Stored data entries>
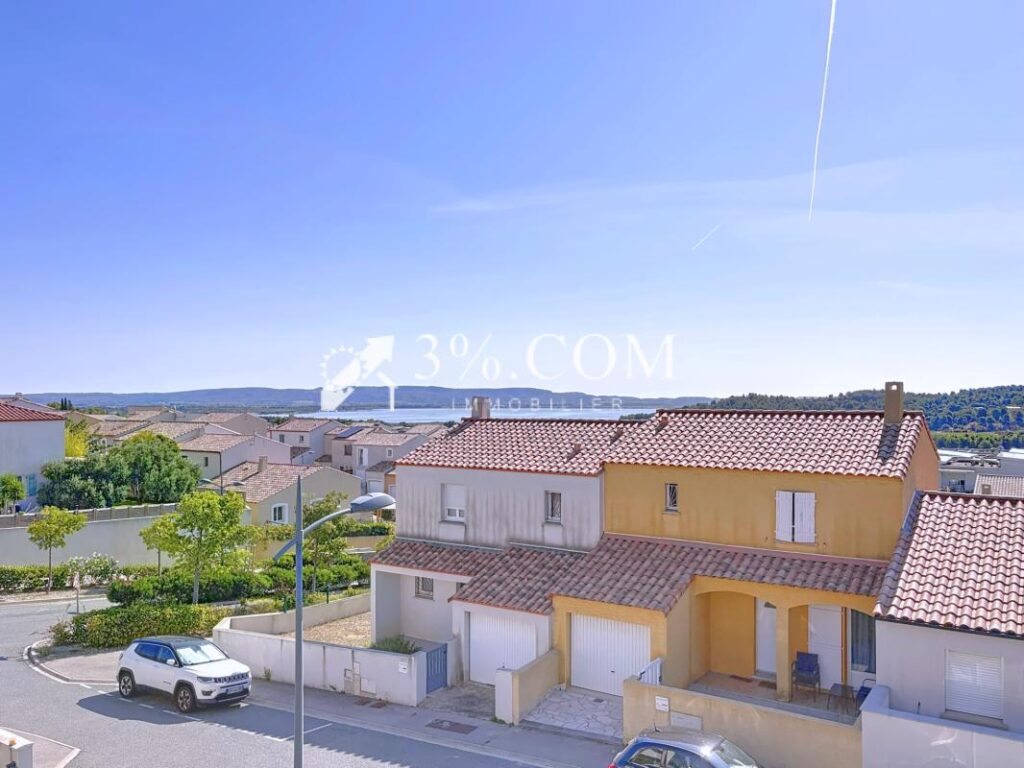 Villa contemporaine T5 de 100 m2 avec terrasse, jardin & pla – 6 pièces – 4 chambres – 100 m²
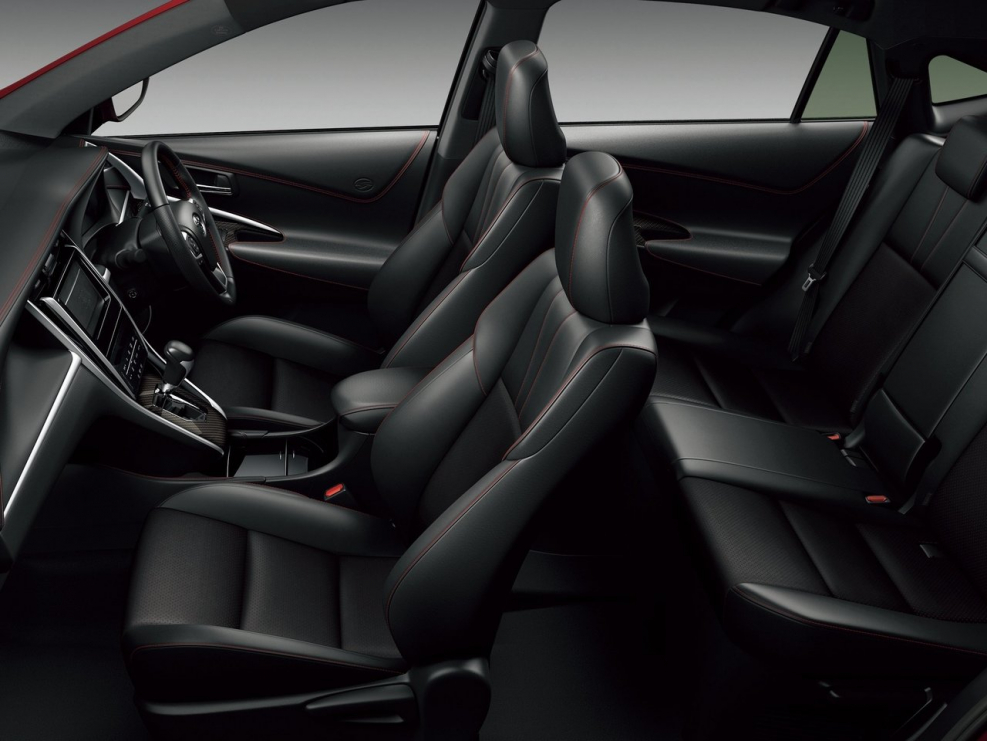 Toyota Harrier 2018 интерьер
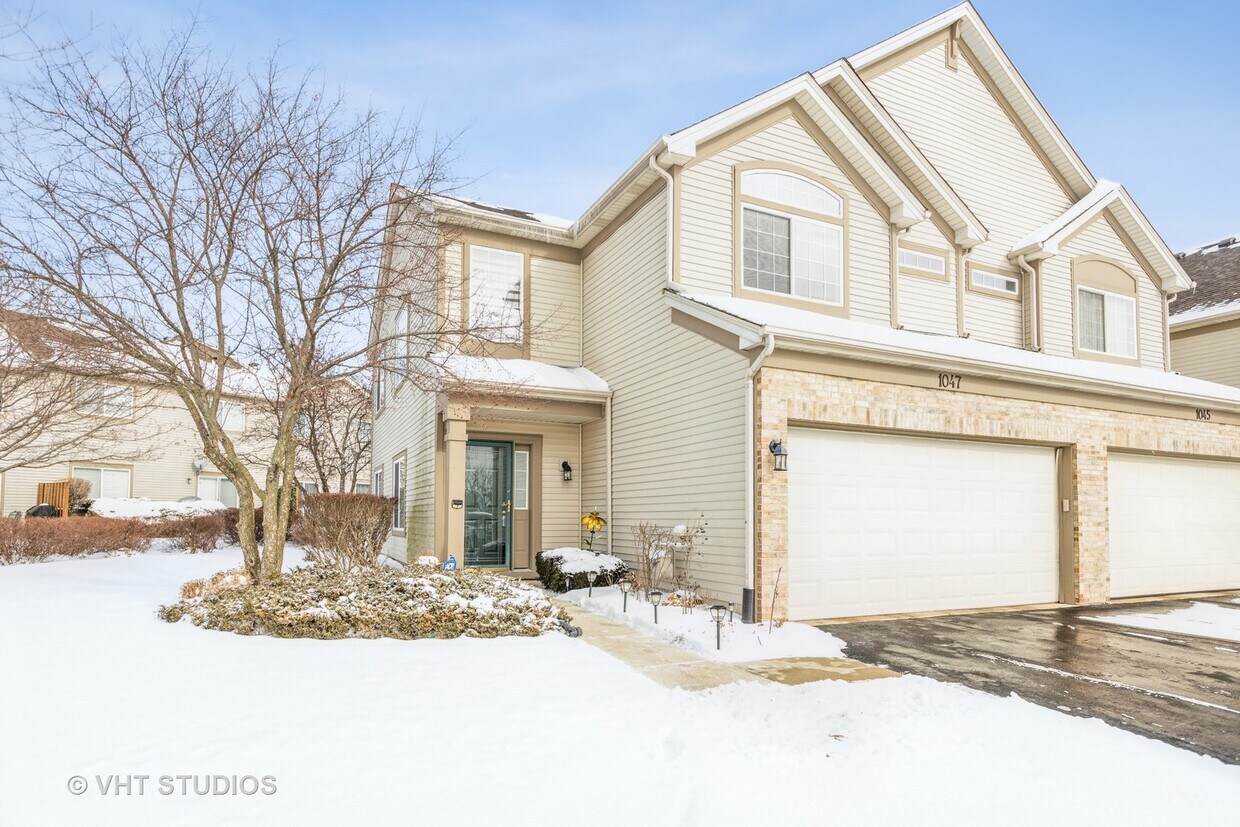 1047 Park Hill Cir Unit 1047, Aurora, IL 60502 Condo for Rent in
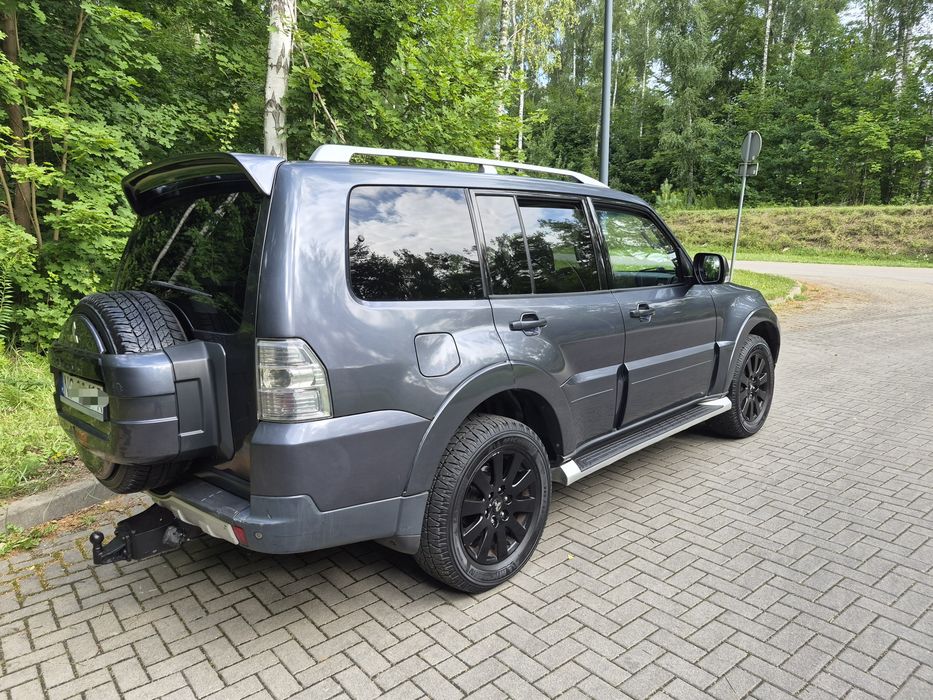Pajero 4 , Diesel 4x4,Automat, 7- osobowy, Hak, Xenony itp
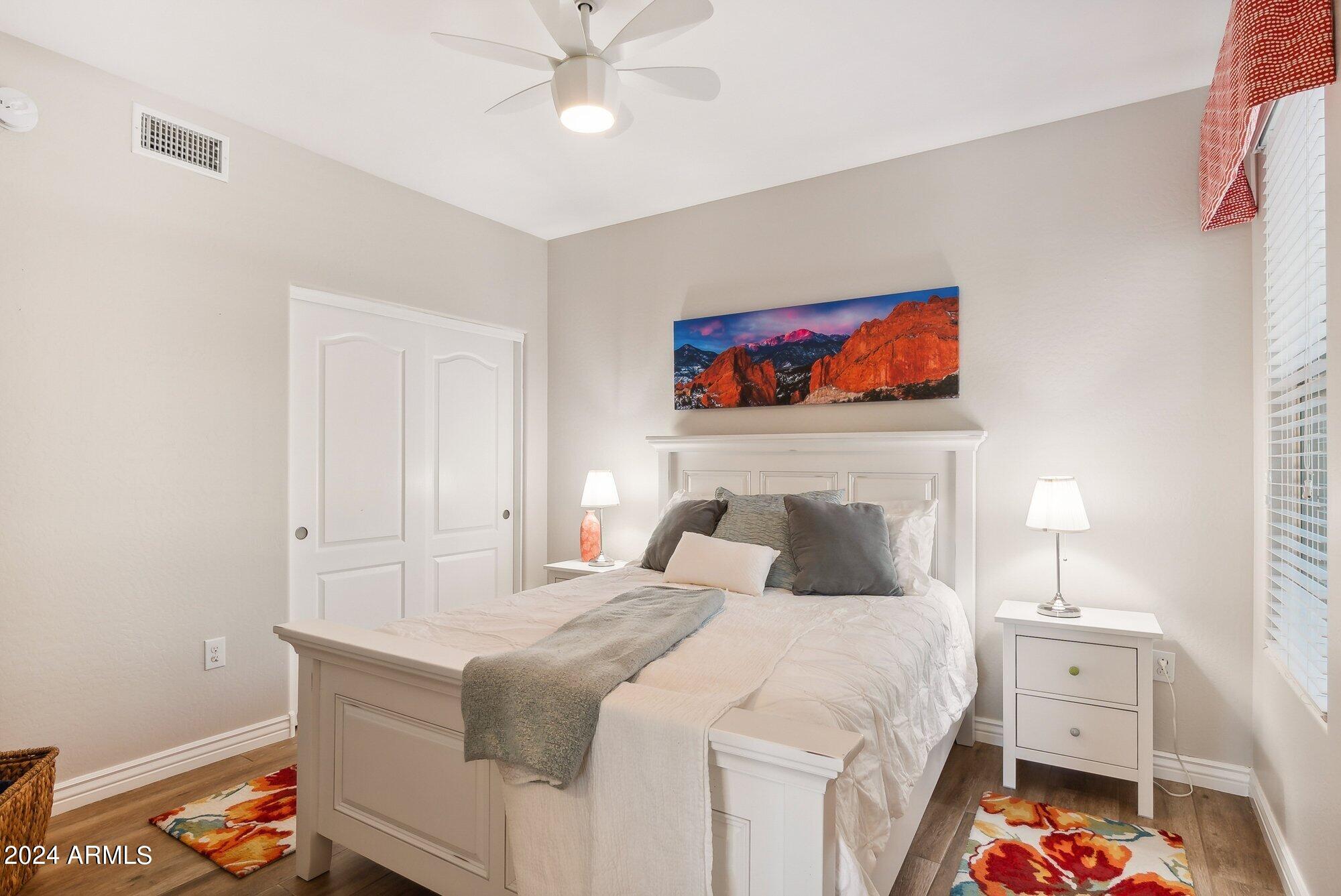 2425 W BRONCO BUTTE Trail # 1029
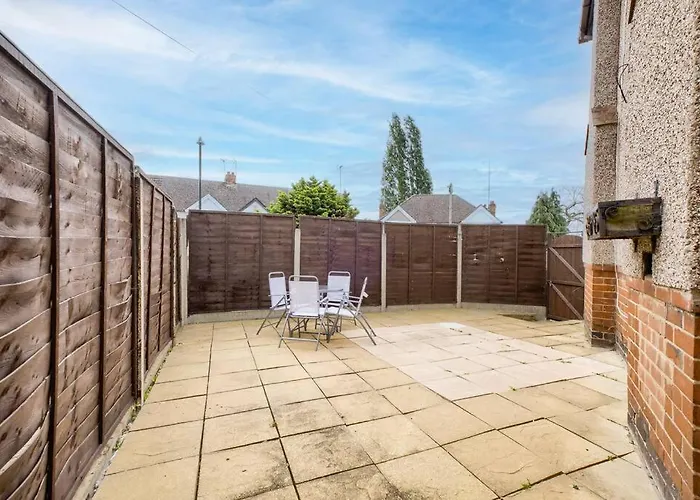 Low Rate - Coventry For 3 Bedroom House With Garden, Free Netflix And Unlimited Wi-Fi - Driveway Parking - Agc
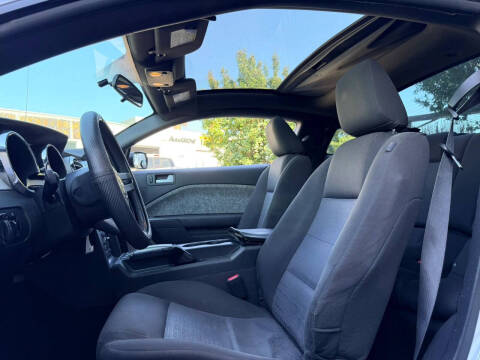 2009 Ford Mustang V6 Premium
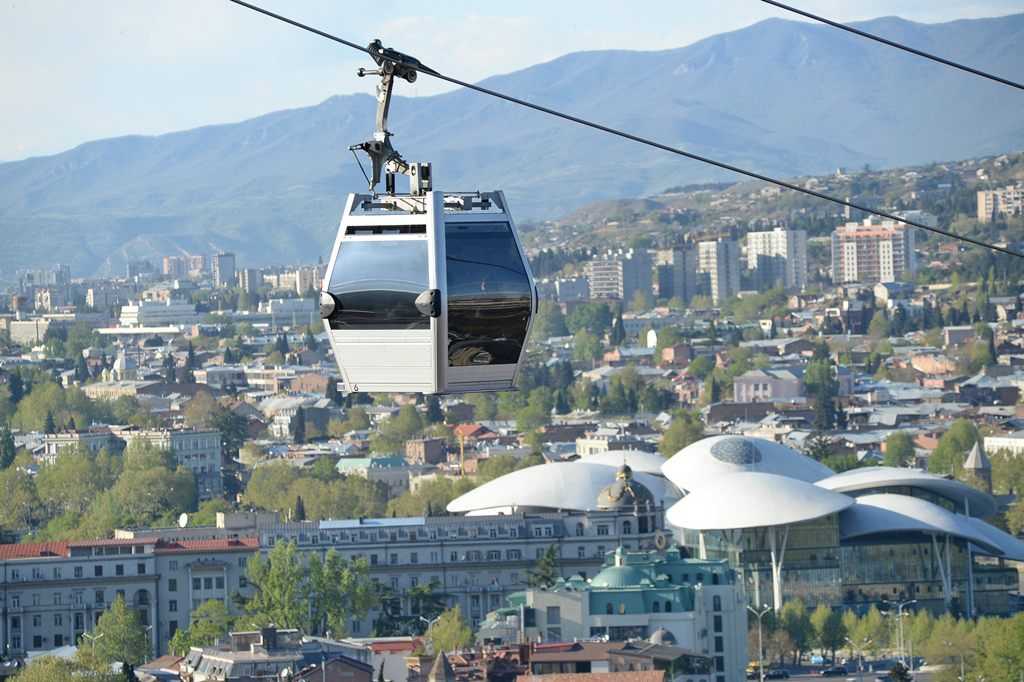 Уникальное место в тбилиси – гора мтацминда: все о фуникулере, парке развлечений и других достопримечательностях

BRIEF> Leave out the images and transcribe all the records exactly.

ANSWER TO THE EXERCISE>
 Villa contemporaine T5 de 100 m2 avec terrasse, jardin & pla – 6 pièces – 4 chambres – 100 m²
 Toyota Harrier 2018 интерьер
 1047 Park Hill Cir Unit 1047, Aurora, IL 60502 Condo for Rent in
Pajero 4 , Diesel 4x4,Automat, 7- osobowy, Hak, Xenony itp
 2425 W BRONCO BUTTE Trail # 1029
 Low Rate - Coventry For 3 Bedroom House With Garden, Free Netflix And Unlimited Wi-Fi - Driveway Parking - Agc
 2009 Ford Mustang V6 Premium
 Уникальное место в тбилиси – гора мтацминда: все о фуникулере, парке развлечений и других достопримечательностях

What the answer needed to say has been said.